*** Exercise material Section Begins ***

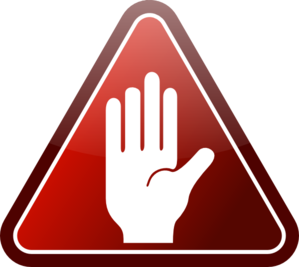 Red Triangle Hand Sign Clip Art - vector clip art ...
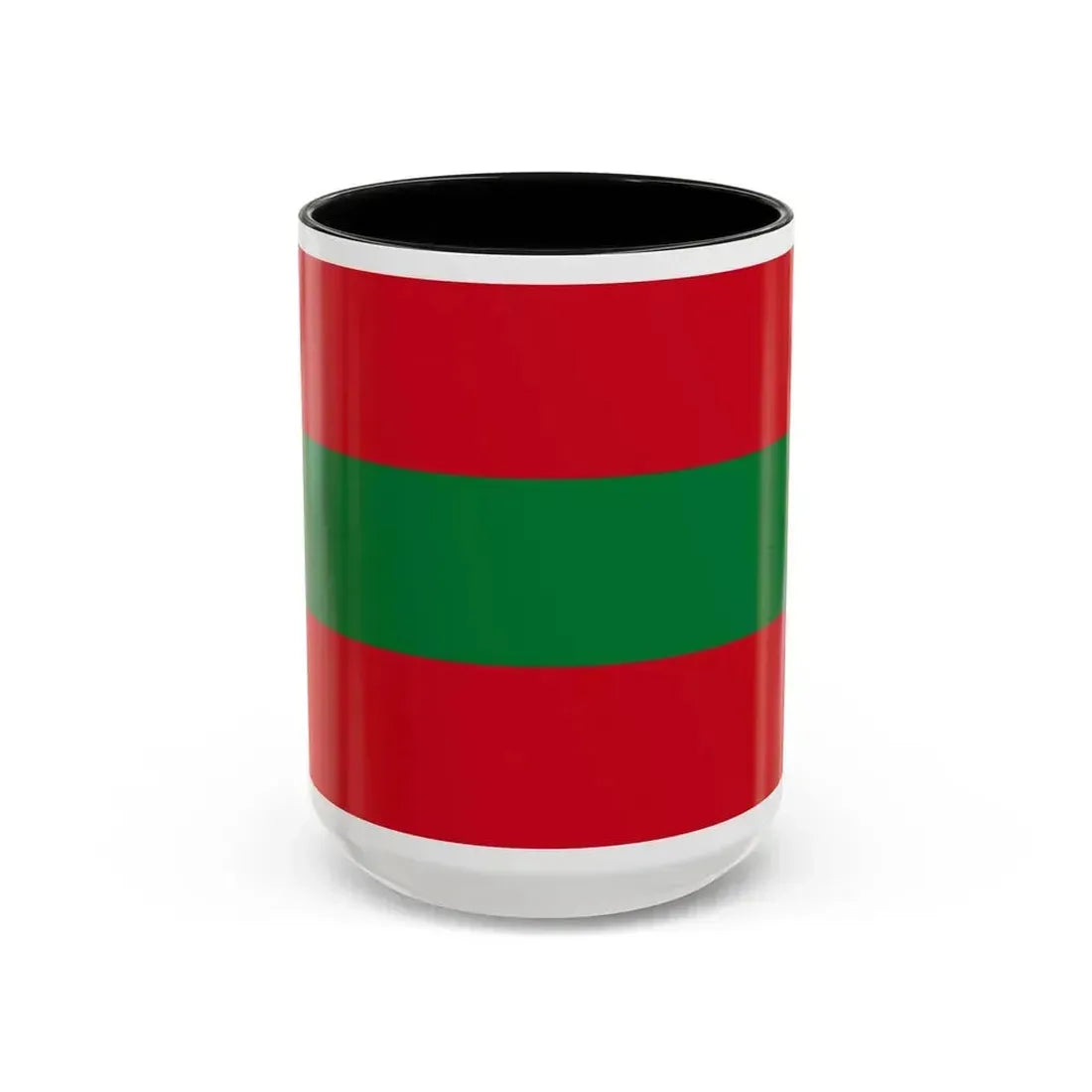 Flag of Ambato Ecuador - Accent Coffee Mug 15oz Black - Go Mug Yourself
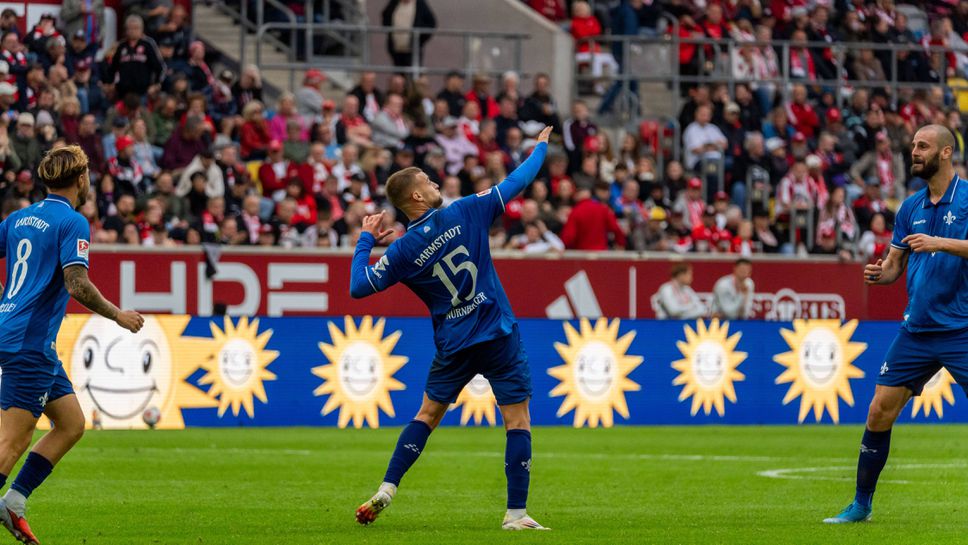 Нюрнбергер се разписа, а Дармщат излезе начело след убедителна победа в Дюселдорф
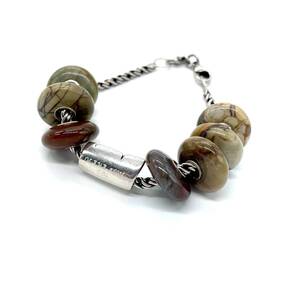 TROLLBEADS トロールビーズ 約27.2g スクロールビッグ SILVER925 天然石 パーツ 銀製 チェーン パーツ クラスプ ブレスレット アクセサリー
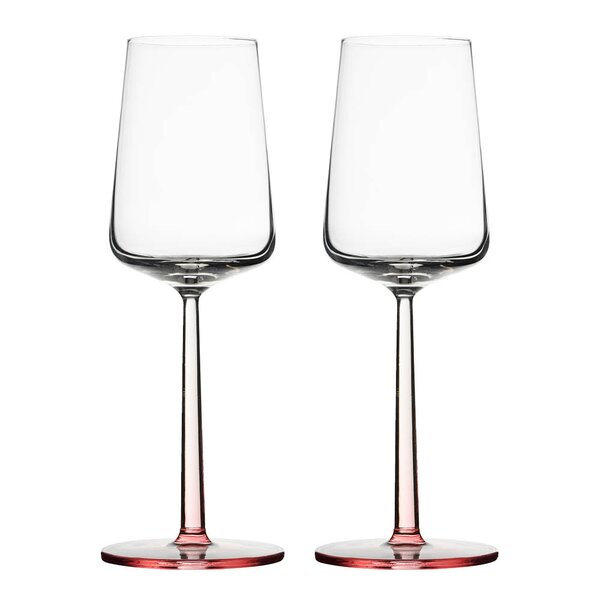iittala Essence hvitvinsglass 33 cl 2 stk rose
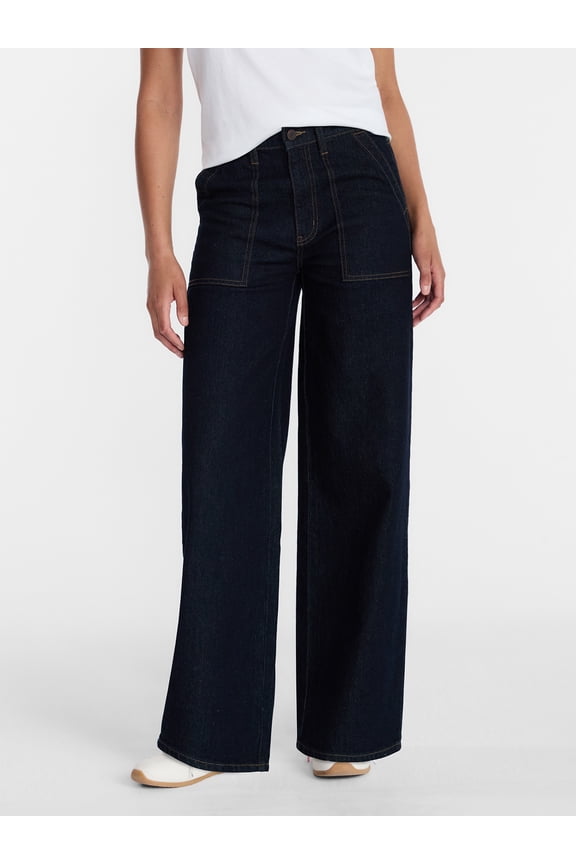 Women's Wide Leg Utility Trousers, 31" Inseam, Sizes 0-20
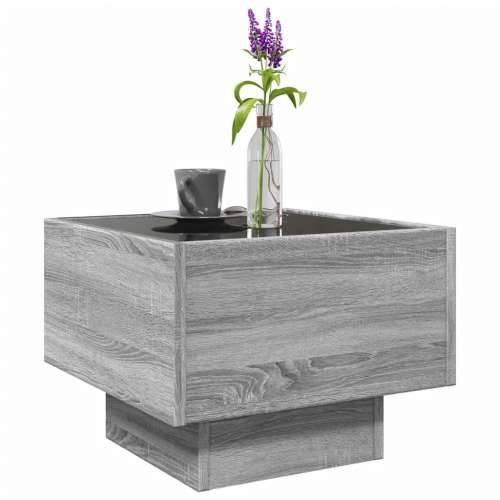 Bočni stolić LED boja hrasta 40 x 40 x 30 cm konstruirano drvo - Sivi hrast sonoma 40 x 40 x 30 cm 1 Cijena
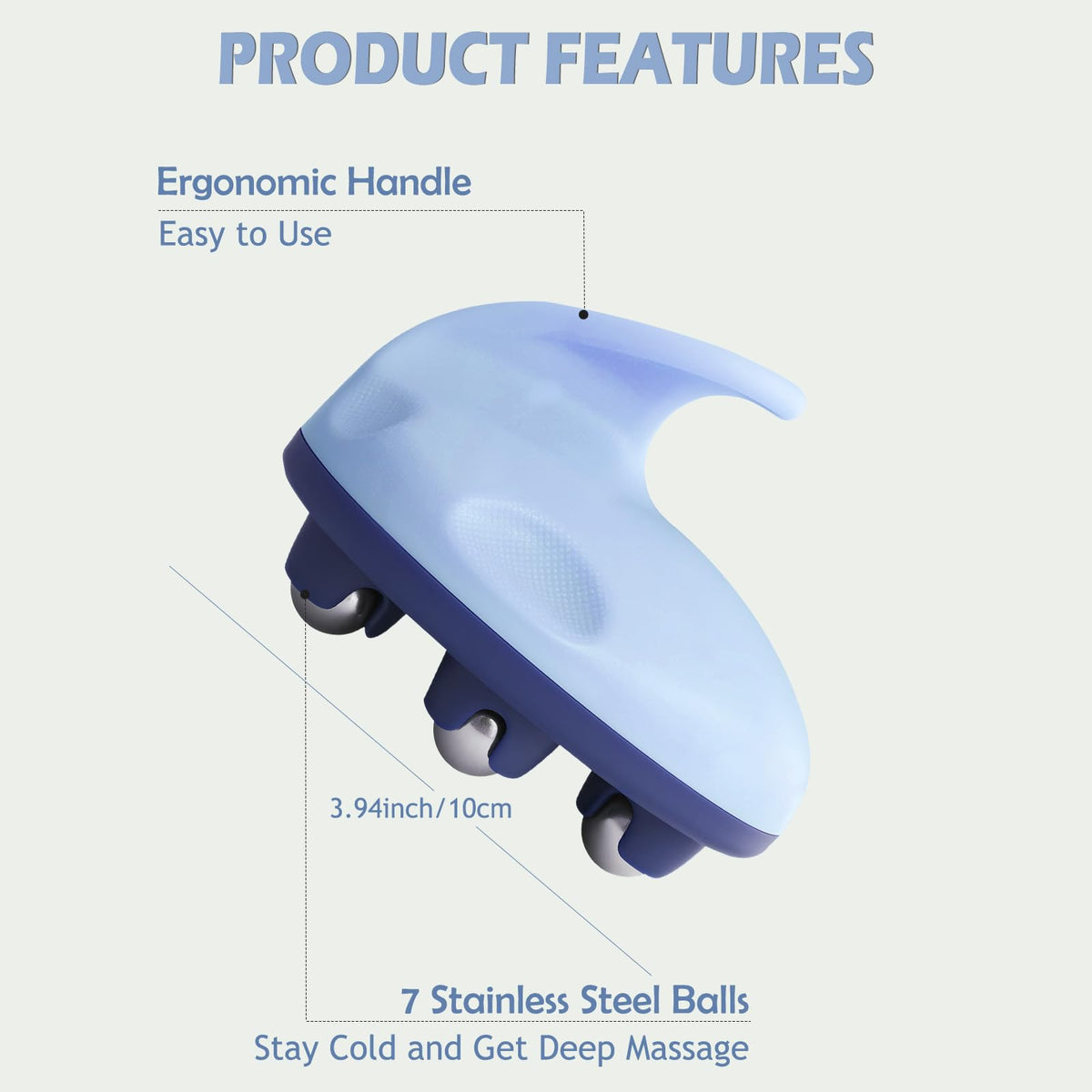 iunxkmi Lymphatic Massage Roller for Cellulite Remover Body Sculpting - Handheld Cellulite Massage Tool for Body Bloat Blood Circulation Lymphatic Drainage Blue iunxkmi buy supplements Au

*** Exercise material Section Ends ***

### Your goal
Every line from the one containing "TROLLBEADS トロールビーズ 約27.2g" through the final line of the records above is to be written out exactly; nothing else, and no pictures.

### Written answer
 TROLLBEADS トロールビーズ 約27.2g スクロールビッグ SILVER925 天然石 パーツ 銀製 チェーン パーツ クラスプ ブレスレット アクセサリー
iittala Essence hvitvinsglass 33 cl 2 stk rose
 Women's Wide Leg Utility Trousers, 31" Inseam, Sizes 0-20
 Bočni stolić LED boja hrasta 40 x 40 x 30 cm konstruirano drvo - Sivi hrast sonoma 40 x 40 x 30 cm 1 Cijena
 iunxkmi Lymphatic Massage Roller for Cellulite Remover Body Sculpting - Handheld Cellulite Massage Tool for Body Bloat Blood Circulation Lymphatic Drainage Blue iunxkmi buy supplements Au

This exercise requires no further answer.